Posted on November 8, 2004 
Filed Under Uncategorized

A controversy — on the level of Watergate — is brewing over the possibility of voter tampering of electronic votes cast in the US elections.

The crux of the issue is the use of the touch-screen systems manufactured by Diebold Inc which may have been used by as many as one in three voters in November.

Bev Harris, the author of Black Box Voting: Ballot Tampering in the 21st Century, asserts that fraud took place in the 2004 election through such electronic voting machines.

Harris first drew suspicion about the machines nearly two years ago via a story that appeared, oddly enough, at a relatively unknown site called Scoop based in New Zealand.

In August, 2004 she finally got a chance to demonstrate how easy it is to steal an election as a guest on the CNBC program “Topic A With Tina Brown”. Brown was off and Governor Howard Dean subbed as guest host.

Harris showed that the central tabulator is – surprise, surprise – a Windows PC, and we all know how secure that is.

Journalist Thom Hartman describes what happened next: “So Harris had Dean close the Diebold GEMS tabulation software, go back to the normal Windows PC desktop, click on the ‘My Computer’ icon, choose ‘Local Disk C:,’ open the folder titled GEMS, and open the sub-folder ‘LocalDB’ which, Harris noted, ‘stands for local database, that’s where they keep the votes.’

Harris then had Dean double-click on a file in that folder titled Central Tabulator Votes, which caused the PC to open the vote count in a database program like Excel. ‘Let’s just flip those,’ Harris said, as Dean cut and pasted the numbers from one cell into the other. Harris sat up a bit straighter, smiled, and said, ‘We just edited an election, and it took us 90 seconds.'”

Several computer-security experts have weighed in the debate and demonstrated the flaws in tabulating software made by Diebold and Sequoia Voting Systems and how they could:

1. Alter vote totals without a password,

2. Record a vote for one candidate as a vote for another,

3. Cast multiple votes; or

4. Simply erase the vote totals completely.

In mid-August, Walden W. O’Dell, otherwise known as Wally, the chief executive of Diebold, made the ultimate faux pas when he went on record that he is “committed to helping Ohio deliver its electoral votes to the President” — in a fundraiser letter for the re-election of Bush.

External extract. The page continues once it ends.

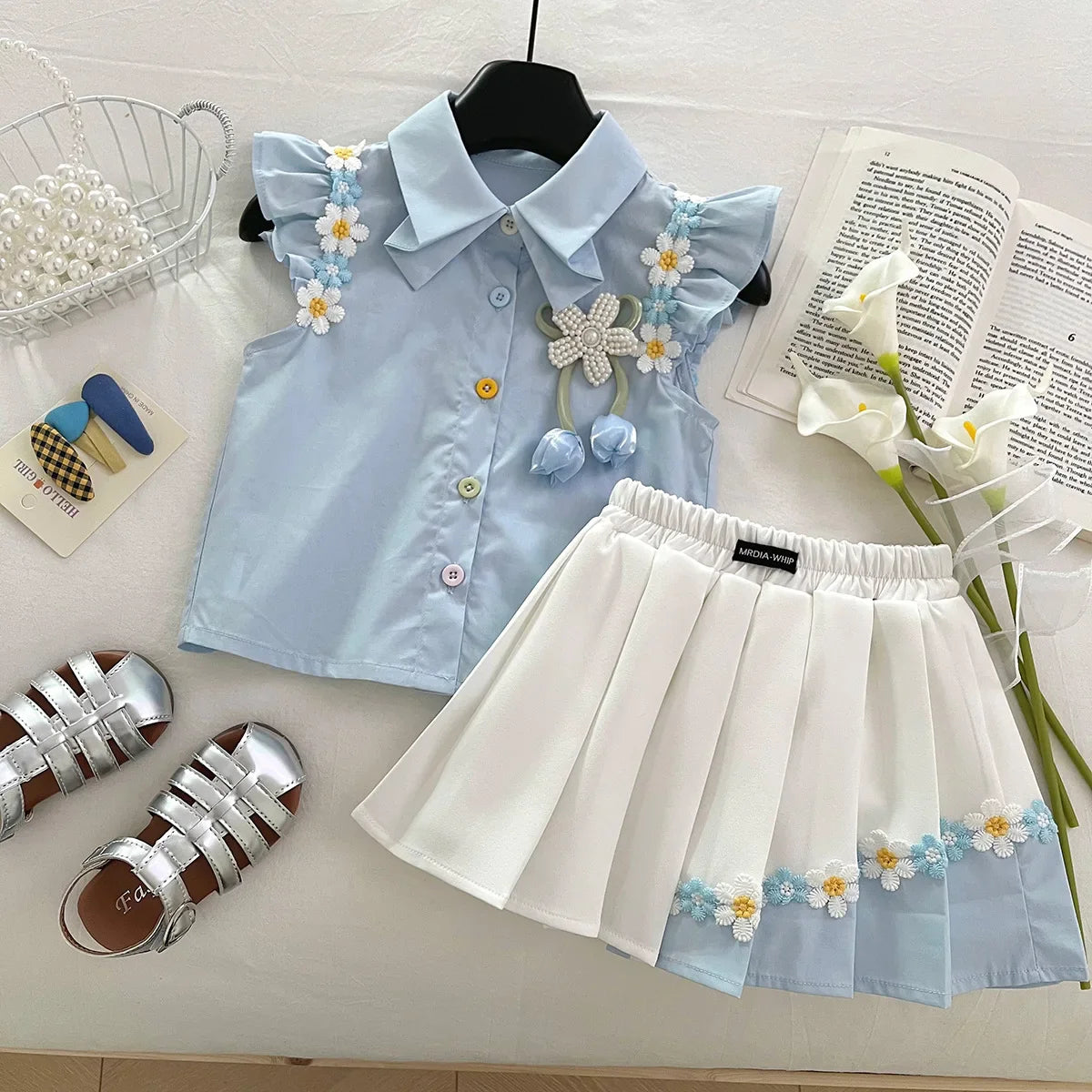 Summer New Baby Floral Short Sleeve Puff Sleeve Top Elastic Waist Pleated Skirt Girls' Set17401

In “Evidence Mounts that the Vote Was Hacked”, Hartmann writes on that the results in several counties in Florida using optically-scanned paper ballots fed into a central tabulator PC — and thus vulnerable to hacking — contained “substantial anomalies.”

In Baker County, for example, with 12,887 registered voters, 69.3% of them Democrats and 24.3% of them Republicans, the vote was only 2,180 for Kerry and 7,738 for Bush.

In Dixie County, with 4,988 registered voters, 77.5% of them Democrats and a mere 15% registered as Republicans, only 1,959 people voted for Kerry, but 4,433 voted for Bush.

The pattern repeats over and over again – but only in the counties where optical scanners were used. Franklin County, 77.3% registered Democrats, went 58.5% for Bush. Holmes County, 72.7% registered Democrats, went 77.25% for Bush.

Did all these voters flip for Bush, or was there actual tampering post-election to favour the incumbent?

Here is a detailed version of how the Diebold System had flaws that should have been addressed prior to the election.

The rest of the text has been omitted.